I’ve lived in Bend for more than 13 years, and though I’ve heard of the Oregon Badlands Wilderness, I had never spent time exploring it. I suppose I thought it sounded like a place I’d be sent as punishment for bad behavior.
Not that I don’t deserve it, but the Oregon Badlands Wilderness east of Bend is really the opposite of punishment. With raw, volcanic landscapes and craggy, ancient junipers, it’s a side of Bend not many people get to see.
The Visit Bend team had the amazing opportunity to explore this area with David Eddleston, manager of the volunteer stewardship organization the Friends of Oregon Badlands Wilderness.
At just under 30,000 acres, the area is vast and wild, but still simple for the average hiker to explore in small chunks.
We started off with a visit to the Larry Chitwood Trailhead, which we accessed by heading east on Highway 20, north on Dodds Road. That trail offers a fairly flat 4-5 mile loop with some lava flows and ancient junipers. The trail is marked, but stupid jerks people keep stealing the signs, so pay attention. Be sure to grab a brochure from the box at the trailhead, since there’s a map inside.
Next, we made a stop at the Flatiron Rock Trailhead just off Highway 20. Hikers can take the Ancient Juniper trail about two miles to where it connects with the Flatiron Trail. You can turn around there, or continue in a loop on Flatiron Trail to see Castle Rock and Badlands Rock – both fascinating rock formations.
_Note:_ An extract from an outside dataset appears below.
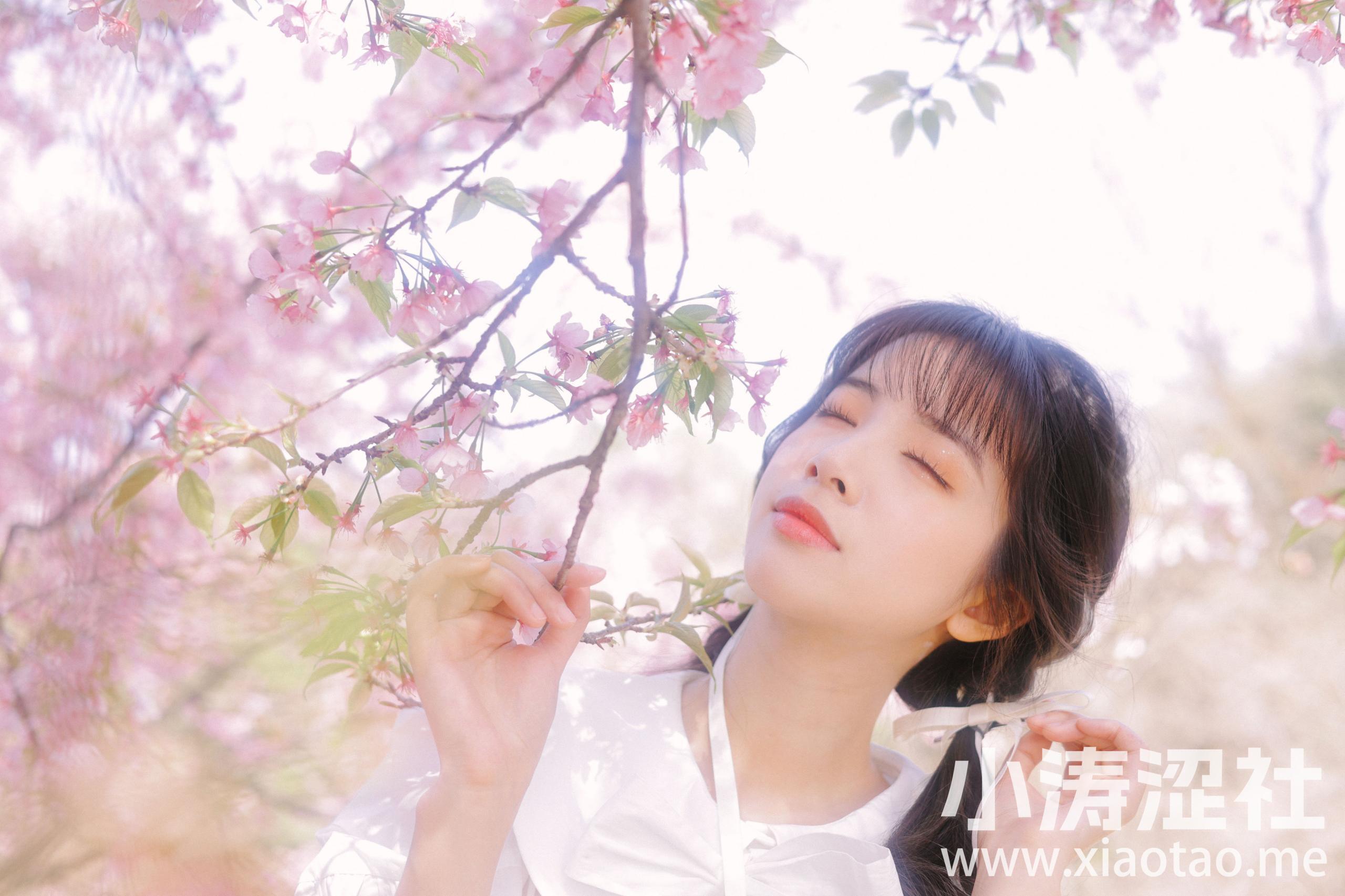 粉樱 樱花 模特 妹子 美图 清纯 小清新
Looping back on Flatiron Trail makes the whole trip about 8 miles.
For me, the best hike was an off-trail loop we took starting right at mile marker 15 off Highway 20. Heading due north, we walked through something that looked like very fine sand.
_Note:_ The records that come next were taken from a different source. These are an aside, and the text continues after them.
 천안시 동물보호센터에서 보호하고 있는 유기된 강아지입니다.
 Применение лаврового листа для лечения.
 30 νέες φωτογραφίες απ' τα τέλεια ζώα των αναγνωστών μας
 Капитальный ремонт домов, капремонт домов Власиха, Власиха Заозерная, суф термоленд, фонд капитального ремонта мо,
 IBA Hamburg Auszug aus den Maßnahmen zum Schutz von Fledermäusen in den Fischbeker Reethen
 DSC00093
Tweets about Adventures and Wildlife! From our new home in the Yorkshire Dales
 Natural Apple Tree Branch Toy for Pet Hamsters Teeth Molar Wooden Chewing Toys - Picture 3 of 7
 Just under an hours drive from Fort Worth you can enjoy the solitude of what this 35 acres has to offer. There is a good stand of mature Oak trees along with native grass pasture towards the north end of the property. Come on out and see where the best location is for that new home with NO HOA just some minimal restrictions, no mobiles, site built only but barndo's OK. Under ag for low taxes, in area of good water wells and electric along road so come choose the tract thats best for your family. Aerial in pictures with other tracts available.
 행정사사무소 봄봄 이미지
“Volcanic ash,” David informed us, explaining how it traveled there when Mount Mazama erupted around 5,677 BC to form Crater Lake. The ash has broken down to the delightful consistency of powdered sugar, though I don’t recommend sprinkling it on pancakes.
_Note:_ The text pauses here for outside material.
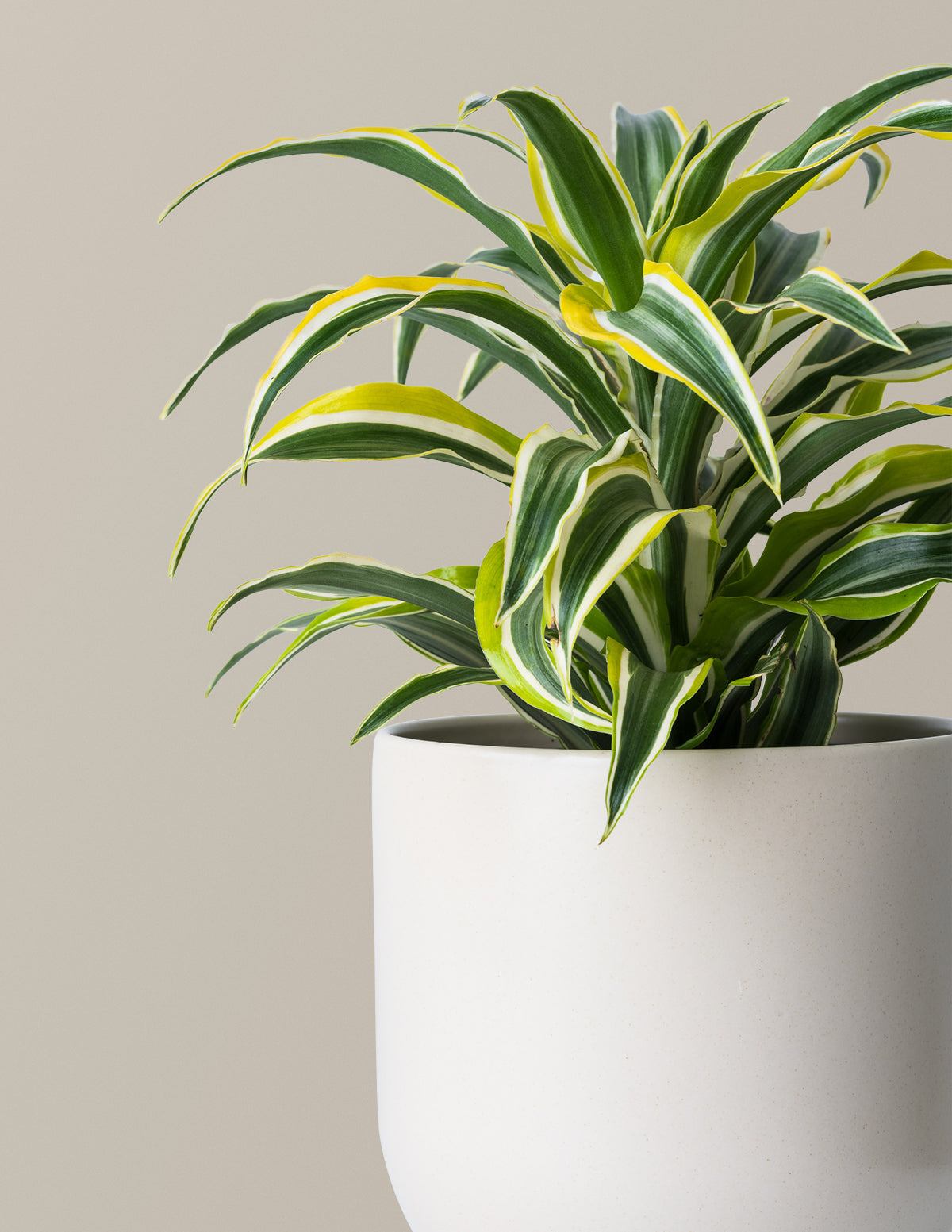 Dracaena Lemon Lime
I do recommend walking abreast instead of single-file through these off-trail areas to avoid forming new trails.
About ¼ mile from the highway, we came to the Badlands Volcano. This is where the underground vent that supplied the lava flow from the Newberry Caldera to the Badlands Wilderness developed a hole in the roof at its highest point. That became the source of the lava flow in a general northeast direction.
Even without knowing the history or geology, it’s cool to look at. So are the gnarly, ancient junipers that seem to spring up out of impossible rock formations.
Heading north from there, we came upon a pressure ridge (also known as a tumulus). That’s where we witnessed one of the more fascinating natural marvels.
“Packrat poop,” David said, pointing out a rather sizeable pile of it.
Whether you’re interested in rodent excrement, trees, rock formations, or just a whole lot of glorious silence and solitude, it’s definitely worth visiting the Oregon Badlands Wilderness. There’s an excellent map on the Bureau of Land Management website. It’s also smart to have a compass or a GPS unit to keep yourself oriented.
Water is a must, particularly in warmer weather (and don’t forget water for Fido, who is welcome to roam without a leash). Horses are welcome, too, but the area is closed to bikes and motorized vehicles, so leave the motorized barstool at home.
Any questions about the Oregon Badlands Wilderness? Ask away! I may not have the answers, but I know a guy who does. If you ask really nicely, he might even show you the packrat poop.